-- Opening Marker --

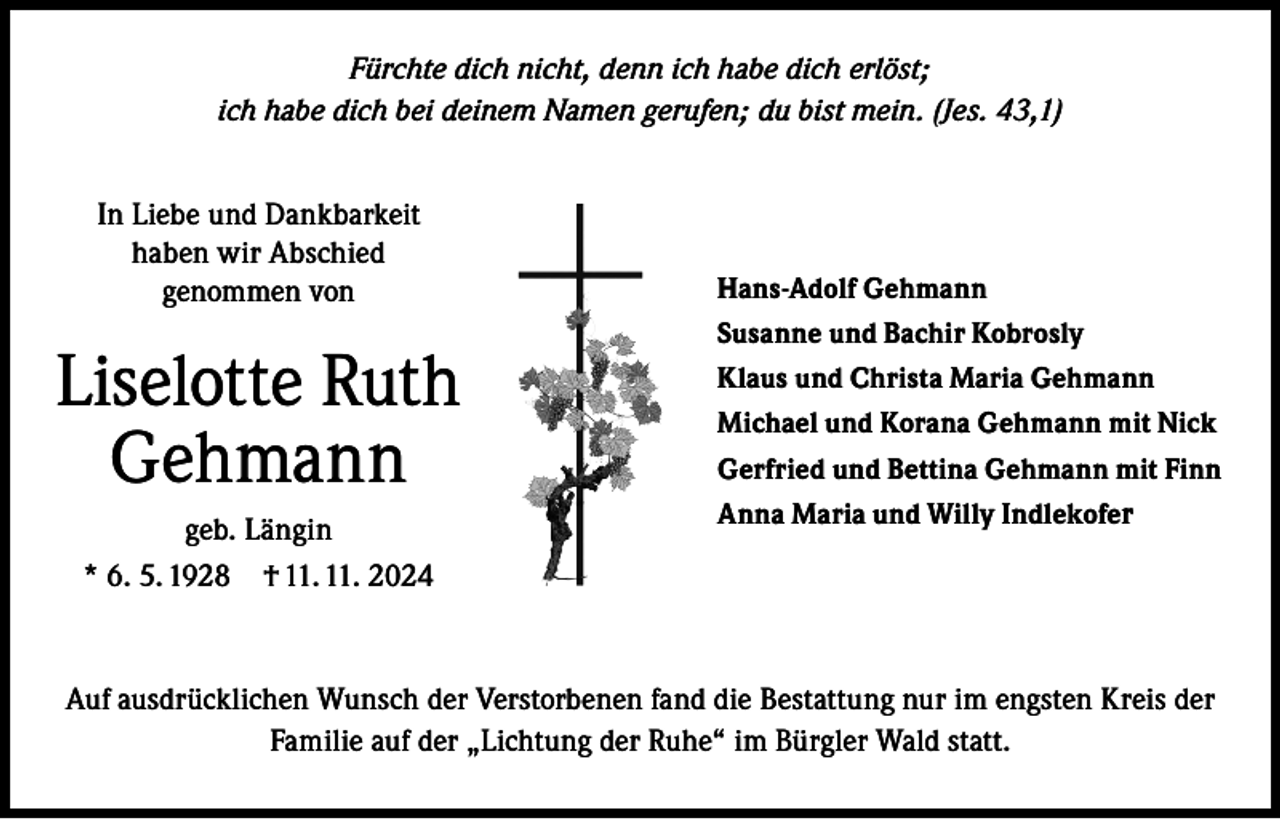 <p>Fürchte dich nicht, denn ich habe dich erlöst;<br />ich habe dich bei deinem Namen gerufen; du bist mein. (Jes. 43,1)<br />In Liebe und Dankbarkeit<br />haben wir Abschied<br />genommen von</p><p>Liselotte Ruth<br />Gehmann<br />geb. Längin<br />* 6. 5. 1928 † 11. 11. 2024</p><p>Hans-Adolf Gehmann<br />Susanne und Bachir Kobrosly<br />Klaus und Christa Maria Gehmann<br />Michael und Korana Gehmann mit Nick<br />Gerfried und Bettina Gehmann mit Finn<br />Anna Maria und Willy Indlekofer</p><p>Auf ausdrücklichen Wunsch der Verstorbenen fand die Bestattung nur im engsten Kreis der<br />Familie auf der „Lichtung der Ruhe“ im Bürgler Wald statt.</p>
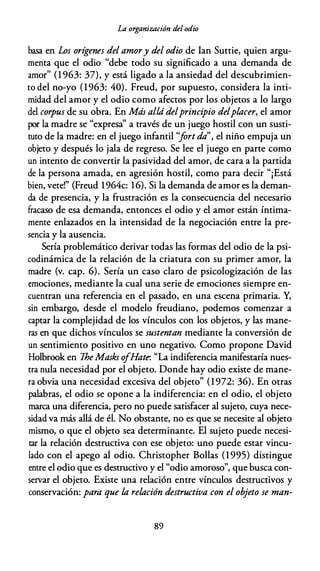 La organización del odio
basa en Los orígenes del amory del odio de Ian Suttie, quien argu­
menta que el odio "debe todo su significado a una demanda de
amor" (1 963: 37), y está ligado a la ansiedad del descubrimien­
to del no-yo (1963: 40). Freud, por supuesto, considera la inti­
midad del amor y el odio como afectos por los objetos a lo largo
del corpus de su obra. En Más alúí delprincipio delplacer, el amor
por la madre se "expresa'' a través de un juego hostil con un susti­
tuto de la madre: en el juego infantil ''fortda", el niño empuja un
objeto y después lo jala de regreso. Se lee el juego en parte como
un intento de convertir la pasividad del amor, de cara a la partida
de la persona amada, en agresión hostil, como para decir "¡Está
bien, vete!" (Freud 1964c: 16). Si la demanda de amor es la deman­
da de presencia, y la frustración es la consecuencia del necesario
fracaso de esa demanda, entonces el odio y el amor están íntima­
mente enlazados en la intensidad de la negociación entre la pre­
sencia y la ausencia.
Sería problemático derivar todas las formas del odio de la psi­
codinámica de la relación de la criatura con su primer amor, la
madre {v. cap. 6). Sería un caso claro de psicologización de las
emociones, mediante la cual una serie de emociones siempre en­
cuentran una referencia en el pasado, en una escena primaria. Y,
sin embargo, desde el modelo freudiano, podemos comenzar a
captar la complejidad de los vínculos con los objetos, y las mane­
ras en que dichos vínculos se sustentan mediante la conversión de
un sentimiento positivo en uno negativo. Como propone David
Holbrook en IheMasks ofHate. "La indiferencia manifestaría nues­
tra nula necesidad por el objeto. Donde hay odio existe de mane­
ra obvia una necesidad excesiva del objeto" (1 972: 36). En otras
palabras, el odio se opone a la indiferencia: en el odio, el objeto
marca una diferencia, pero no puede satisfacer al sujeto, cuya nece­
sidad va más allá de él. No obstante, no es que se necesite al objeto
mismo, o que el objeto sea determinante. El sujeto puede necesi­
tar la relación destructiva con ese objeto: uno puede estar vincu­
lado con el apego al odio. Christopher Bollas (1 995) distingue
entre el odio que es destructivo y el "odio amoroso", que busca con­
servar el objeto. Existe una relación entre vínculos destructivos y
conservación: para que la relación destructiva con el objeto se man-
89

-- Closing Marker --

### What is expected
From the entries above, write out only the lines starting at the line that holds "ras en que dichos" and ending at the line that holds "mismo, o que", keeping both and matching them exactly.

### Final answer
ras en que dichos vínculos se sustentan mediante la conversión de
un sentimiento positivo en uno negativo. Como propone David
Holbrook en IheMasks ofHate. "La indiferencia manifestaría nues­
tra nula necesidad por el objeto. Donde hay odio existe de mane­
ra obvia una necesidad excesiva del objeto" (1 972: 36). En otras
palabras, el odio se opone a la indiferencia: en el odio, el objeto
marca una diferencia, pero no puede satisfacer al sujeto, cuya nece­
sidad va más allá de él. No obstante, no es que se necesite al objeto
mismo, o que el objeto sea determinante. El sujeto puede necesi­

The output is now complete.